Northern Ireland people and business are at a serious disadvantage as Brexit looms without a functioning administration, it has been claimed.

Ahead of a dinner last night with Secretary of State James Brokenshire, Pinsent Masons partner Guy Loughey said a hard exit from the EU was looking increasingly likely.

Mr Loughey, head of Brexit advisory at the international practice, which has a large office in Belfast, warned that the absence of a devolved government put the province at risk of significant disadvantage.

Northern Ireland has been tipped as the region with the most to lose from a hard Brexit because it is the only part of the UK that shares a border with an EU country.

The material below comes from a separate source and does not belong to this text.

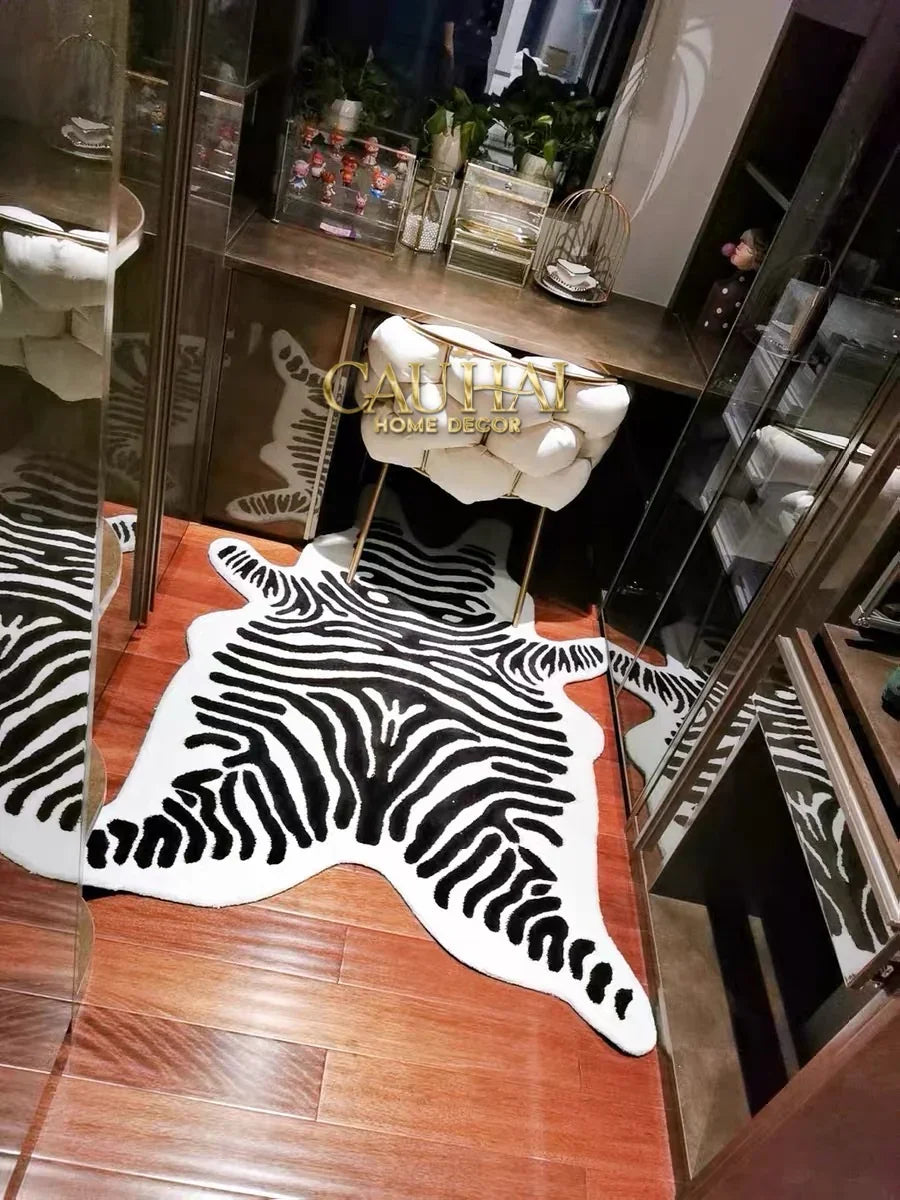 Thảm Lông Tuyết 80X110 Wild Spirit Zebra-THẢM TRÒN - THẢM BED-CẬU HAI HOME DECOR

Mr Loughey dismissed hopes that any part of the UK, including Northern Ireland, could retain access to elements of the EU after quitting the bloc.

"It's not feasible for certain sectors or parts of the UK, such as Northern Ireland, to stay in the single market," he said.

He also confirmed that his company was advising its corporate clients on a number of scenarios that could emerge after Prime Minister Theresa May triggers Article 50, which she has said she will activate before the end of march.

"Our clients are carrying out wargames based on the possibilities," Mr Loughey said.

The Pinsent Masons partner stressed that Northern Ireland's fate was a not strong priority for central government, with each separate region instead having its own priorities.

"There is a huge amount of work to be done to ensure that when negotiations take place, there is sufficient thought given to the specific circumstances of Northern Ireland," he said, adding that the crisis in power-sharing was coming at a time when "politicians need to engage closely with Westminster to assure they have sufficient input".

The firm has launched an artificial intelligence system to help clients identify Brexit-related risk in existing portfolios, address the risk in future contracts and make more strategic decisions.

Mr Loughey said: "Brexit has created huge uncertainty, disrupting business of all shapes and sizes. But that disruption also creates an opportunity for business advisors willing to invest and innovate.

"Unprecedented challenges call for new thinking. That's why we have looked beyond traditional models with concepts such as crowd-sourcing and artificial intelligence."